Yes,you are right : the EventHandler interface seems much simpler to implement than EventDetector. Moreover, I would presume that if we want all the detectors that implements EventDetector to be able to use such MultipleEventHandler, it is better to implement EventHandler than EventDetector (since double heritage is not possible)

The class MultipleEventHandler would have two attributes only:

/** Default list of handlers for event overrides. */
private final List<EventHandler<? super T>> handlers = new ArrayList<>();

/** List of handlers whose Action returned is RESET_STATE. */
    private List<EventHandler<? super T>> resetStateHandlers = new ArrayList<>();

And it would override the three methods : init(...), eventOcurred(...) and resetState(...) as detailed before.

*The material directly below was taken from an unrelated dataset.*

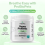 ProBioPets Super Probiotic Cough Powder 10 billion cfu/g  100g 3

However, I personally think that is it dangerous to let the user use several detectors that detect the same event without warning him.We loss quite a lot of time debugging this problem. Maybe it could be good to add documentation in the EventDetector &/or AbstractDetector class to warn to user from this usage, and to advice him to use the MultipleHandler. What do you think?

Regarding the order choice for resetState, it is purely arbitrary. Yes, such information is very important for the user, so I will document it.

And finally, yes, your analysis is correct and it is the behaviour we want (A occurs, B occurs then the action resetState(...) of A occurs). If this is okay for you, we can start the development !

One last though : the endless loop in our problem is the while loop in AbstractIntegrator, line 331.
It is Hipparcus, not Orekit, so I cannot add this to my contribution, this while loop could have a maximumIterationNumber criteria, in order to avoid such endless loop ?

Great idea.

Plan looks good to me. Thanks for you interest in making Orekit better!

Seems like a good idea. It will take some thought as to what the right limit is. The backing up feature is needed to ensure a total order on the events and that they alternate between increasing and decreasing events. There likely exist some strange g functions where the algorithm would need to back up many times to correctly handle them. There is also likely a limit to how many times the algorithm will need to back up to process practical g functions. I’m a bit hesitant to set a limit since it might arbitrarily break some code. My approach was to make that code correct, but it seems that has not worked especially well given this bug and another recent similar one. So it seems worthwhile to add another layer of defense against bugs causing infinite loops.

Hi all,

I have taken the liberty to push the work of my colleague @larahue on the branch multi_handler-727 and to create the corresponding issue in Gitlab, I hope it’s okay.

The contribution seems fine to me, but it would be great if an Orekit developer with more experience could review it, maybe @evan.ward ? I have prepared a merge request for this review.